[Stored records]
○ ○ ○

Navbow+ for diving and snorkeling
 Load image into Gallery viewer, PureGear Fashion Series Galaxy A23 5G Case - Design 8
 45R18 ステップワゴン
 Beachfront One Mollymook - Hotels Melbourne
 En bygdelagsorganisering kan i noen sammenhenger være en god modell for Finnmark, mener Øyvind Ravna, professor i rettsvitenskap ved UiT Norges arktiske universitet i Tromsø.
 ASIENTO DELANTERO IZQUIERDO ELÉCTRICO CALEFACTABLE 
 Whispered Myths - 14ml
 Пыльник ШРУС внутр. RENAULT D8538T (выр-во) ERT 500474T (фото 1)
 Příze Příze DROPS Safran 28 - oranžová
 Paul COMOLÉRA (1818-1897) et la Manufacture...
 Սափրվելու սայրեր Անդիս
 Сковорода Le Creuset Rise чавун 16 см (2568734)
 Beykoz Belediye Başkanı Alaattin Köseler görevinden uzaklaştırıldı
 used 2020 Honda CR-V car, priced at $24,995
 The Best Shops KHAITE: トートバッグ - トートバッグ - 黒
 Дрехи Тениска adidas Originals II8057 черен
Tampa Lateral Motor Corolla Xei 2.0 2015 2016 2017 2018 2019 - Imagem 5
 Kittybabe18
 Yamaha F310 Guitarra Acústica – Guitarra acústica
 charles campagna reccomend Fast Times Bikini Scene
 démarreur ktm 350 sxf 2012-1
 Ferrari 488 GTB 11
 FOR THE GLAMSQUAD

○ ○ ○

- **Activity**:
The expected answer is an exact copy of the lines beginning at the one with "45R18 ステップワゴン" and running to the end of the entries above.

- **Response below**:
 45R18 ステップワゴン
 Beachfront One Mollymook - Hotels Melbourne
 En bygdelagsorganisering kan i noen sammenhenger være en god modell for Finnmark, mener Øyvind Ravna, professor i rettsvitenskap ved UiT Norges arktiske universitet i Tromsø.
 ASIENTO DELANTERO IZQUIERDO ELÉCTRICO CALEFACTABLE 
 Whispered Myths - 14ml
 Пыльник ШРУС внутр. RENAULT D8538T (выр-во) ERT 500474T (фото 1)
 Příze Příze DROPS Safran 28 - oranžová
 Paul COMOLÉRA (1818-1897) et la Manufacture...
 Սափրվելու սայրեր Անդիս
 Сковорода Le Creuset Rise чавун 16 см (2568734)
 Beykoz Belediye Başkanı Alaattin Köseler görevinden uzaklaştırıldı
 used 2020 Honda CR-V car, priced at $24,995
 The Best Shops KHAITE: トートバッグ - トートバッグ - 黒
 Дрехи Тениска adidas Originals II8057 черен
Tampa Lateral Motor Corolla Xei 2.0 2015 2016 2017 2018 2019 - Imagem 5
 Kittybabe18
 Yamaha F310 Guitarra Acústica – Guitarra acústica
 charles campagna reccomend Fast Times Bikini Scene
 démarreur ktm 350 sxf 2012-1
 Ferrari 488 GTB 11
 FOR THE GLAMSQUAD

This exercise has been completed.